Task directions
Locate the line that contains "ウンナナクール 〜繊細で美しいリバーレースを使用〜 小さく見せるブラ". Retype it and every line after it to the end of the records, exactly, but not the pictures.

Data for analysis
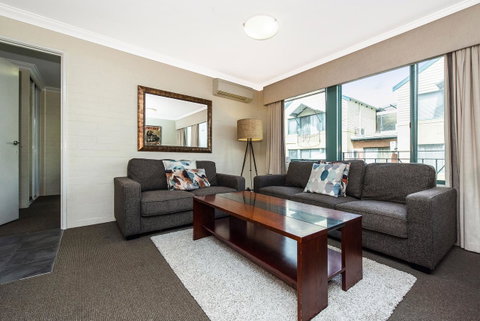 Subiaco Village 18 - Foster Accommodation 3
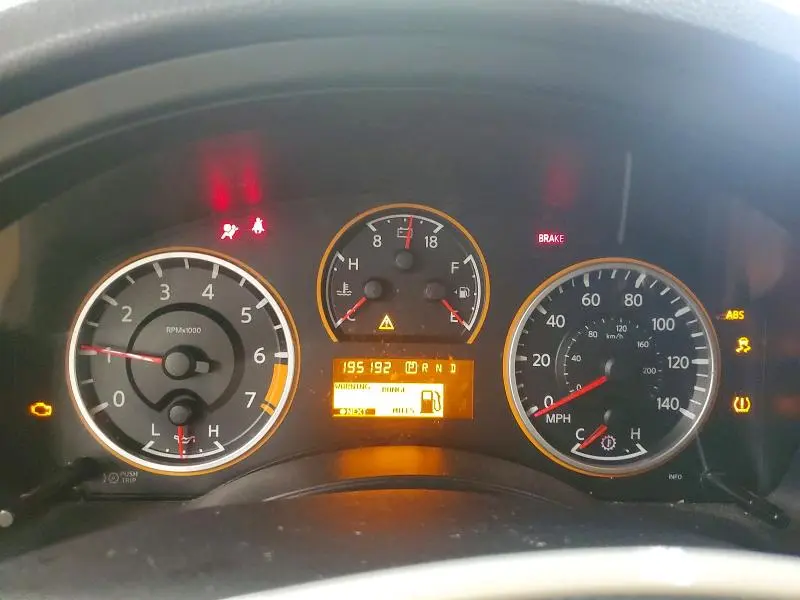 2015 NISSAN ARMADA SV  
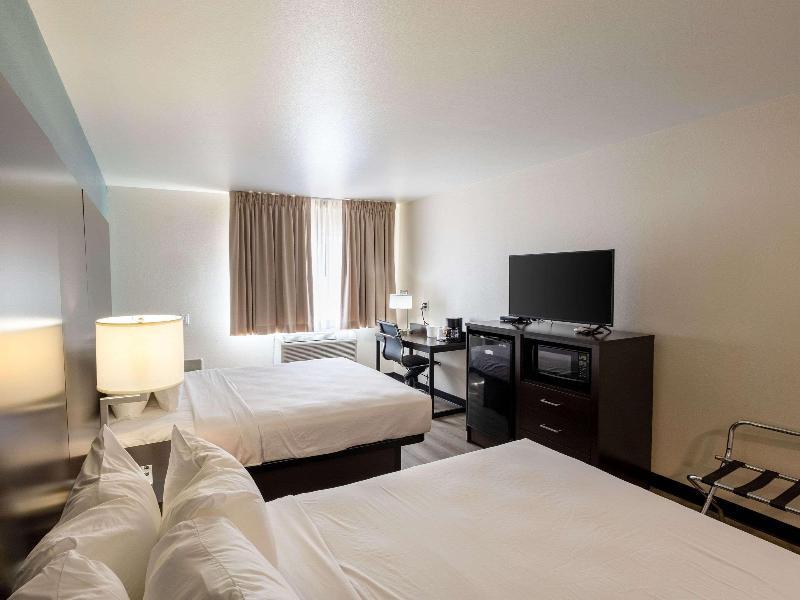 Quality Inn Winslow I-40 image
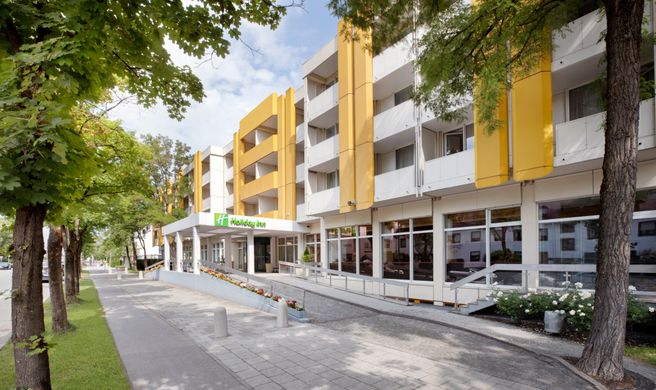 Holiday Inn Munich-South Exterior
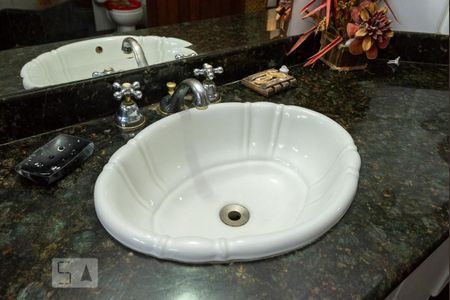 Casa à venda com 525m², 4 quartos e 8 vagasBanheiro Suíte - Torneira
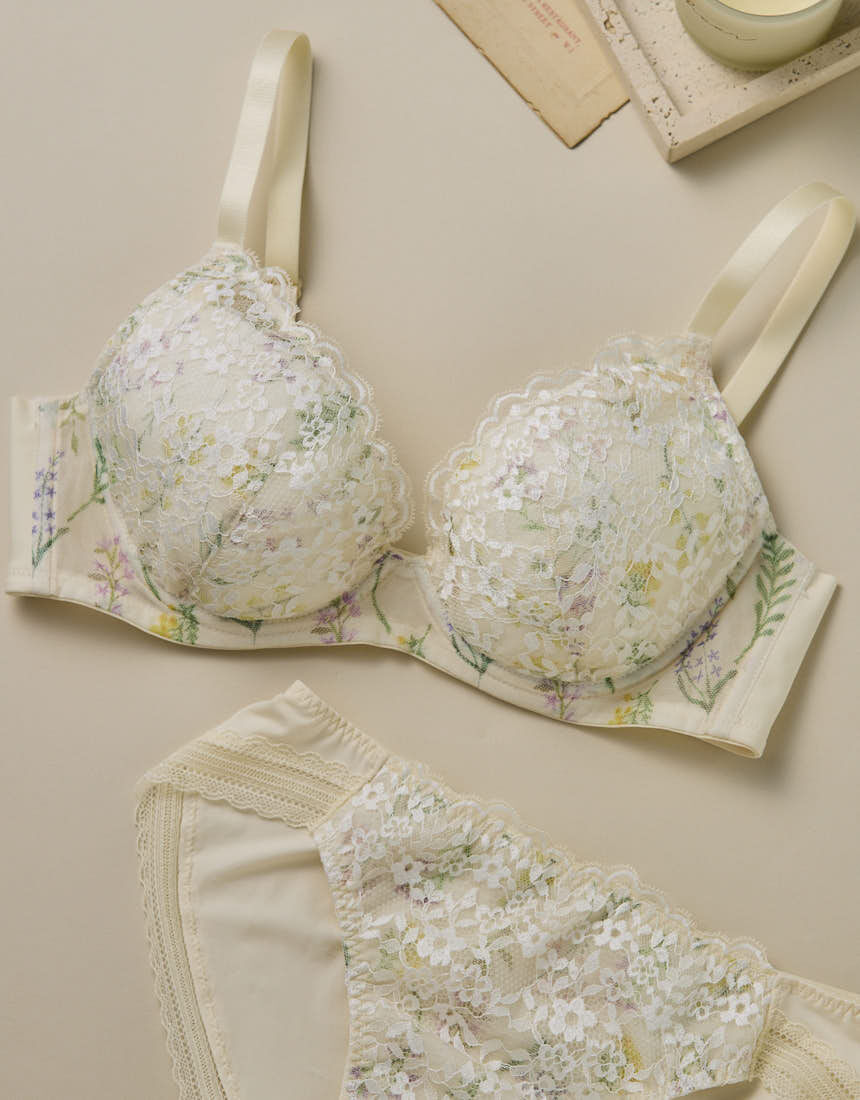 ウンナナクール 〜繊細で美しいリバーレースを使用〜 小さく見せるブラ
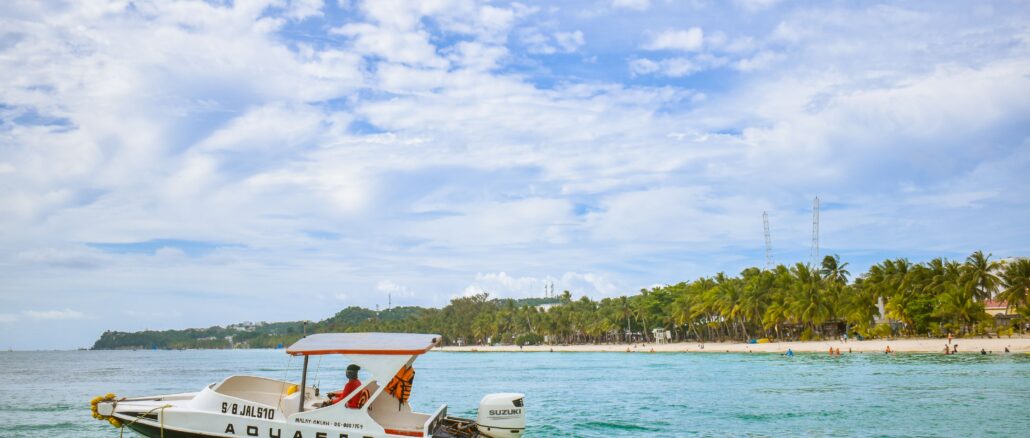 Exploring Boracay: A Vibrant Beach Paradise for Water Sports, Nightlife, and Island Adventures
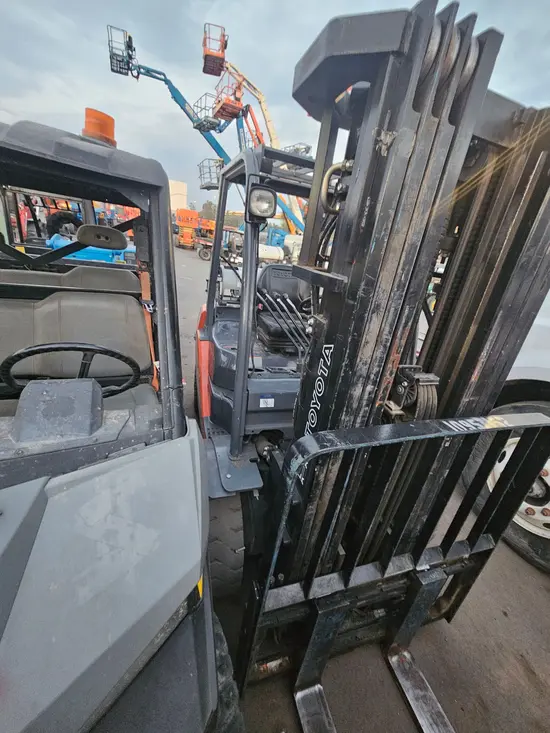 2019 Toyota 8FGU25 Warehouse Forklift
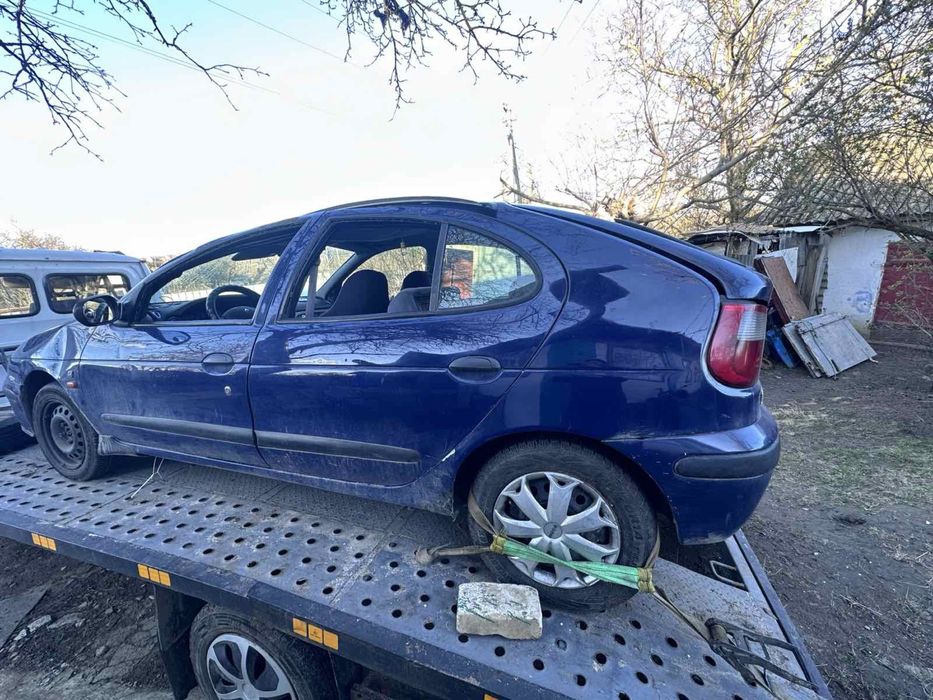 RENAULT Megane 1 розборка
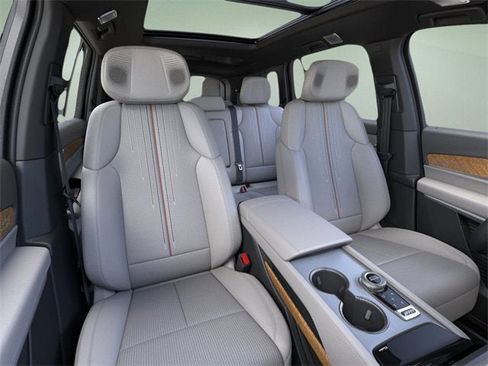 New 2026 Cadillac Vistiq Luxury image 16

Response area
 ウンナナクール 〜繊細で美しいリバーレースを使用〜 小さく見せるブラ
 Exploring Boracay: A Vibrant Beach Paradise for Water Sports, Nightlife, and Island Adventures
 2019 Toyota 8FGU25 Warehouse Forklift
 RENAULT Megane 1 розборка
 New 2026 Cadillac Vistiq Luxury image 16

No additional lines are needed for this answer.